Mettbrötchen, rassistische Parolen und kanzlerhafte Erinnerungslücken: So lief das TV-Duell zwischen den Thüringer Spitzenkandidaten Björn Höcke (AfD) und Mario Voigt (CDU).
Der bekannteste Rechtsextremist des Landes zur besten Sendezeit im TV: Selten wurde ein TV-Duell so viel beachtet wie das zwischen dem Thüringer AfD-Rechtsaußen Björn Höcke und CDU-Landeschef Mario Voigt. Experten warnten, Kritiker zerfetzten es bereits vorab. Der Tenor: Voigt kann nur wenig richtig, aber fast alles falsch machen. So lief das Duell ab:
Die heißesten Themen
Die EU: Ein Streit zwischen Höcke und Voigt über den Höcke-Satz: „Diese EU muss sterben, damit das wahre Europa leben kann“ führte überhaupt erst zum TV-Duell. Die Moderatoren steigen deswegen mit dem Thema in das Streitgespräch ein, geben ihm viel Raum – vor allem angesichts der Tatsache, dass hier zwei Landespolitiker diskutieren.

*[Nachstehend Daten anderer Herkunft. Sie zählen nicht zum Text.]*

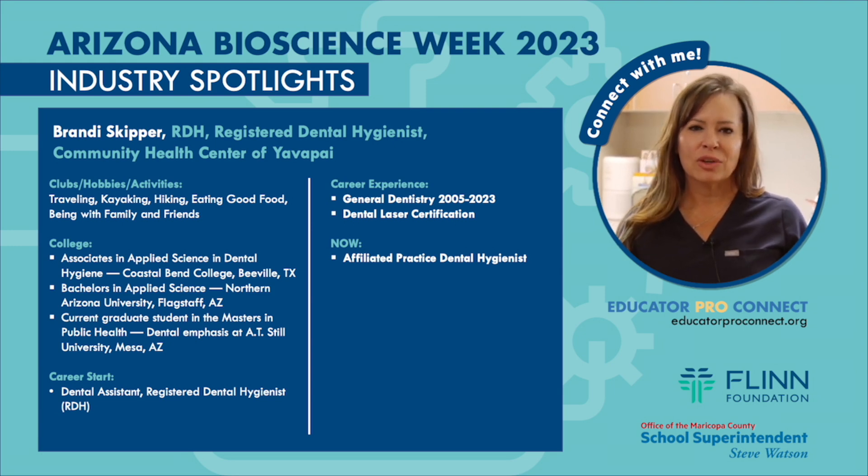If you'd like your students to learn more about becoming a dental hygienist, please feel free to reach out to me through the Educator Pro Connect.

Für Höcke die perfekte Vorlage für populistische Parolen: Er wettert gegen das „zentralistische Bürokratiemonster“, die Klimapolitik der EU, den Green Deal, nennt die EU eine „Globalisierungsagentur“, ein „Europa der Lobbyisten und Großkonzerne“ und die CDU eine „Wohlstandsvernichterpartei“.
Voigt betont die Vorteile des Binnenmarkts, die Nachteile des Brexits, rechnet Nachteile eines EU-Austritts für den durchschnittlichen Thüringer aus. Doch Höcke hat mehr Redeanteile, er dominiert.
Migration: Höcke schießt gegen die CDU, kritisiert Merkels „Willkommenskultur“, und sagt: „Das Weltsozialamt Deutschland ist geschlossen.“ Mehrfach verwendet er den Begriff „Remigration“, will ihn offensichtlich noch weiter verbreiten.
Unter Rechtsextremisten ist „Remigration“ ein wichtiger Kampfbegriff – und meint in der Regel die Vertreibung von Zuwanderern und Menschen mit Migrationshintergrund aus Deutschland, auch von solchen mit deutschem Pass. Breiter bekannt wurde er durch das Treffen von AfD-Politikern mit Martin Sellner in Potsdam im November 2023, das wegen der dort offenbar diskutierten rechtsradikalen Vertreibungspläne bundesweit Entsetzen und Massendemos auslöste.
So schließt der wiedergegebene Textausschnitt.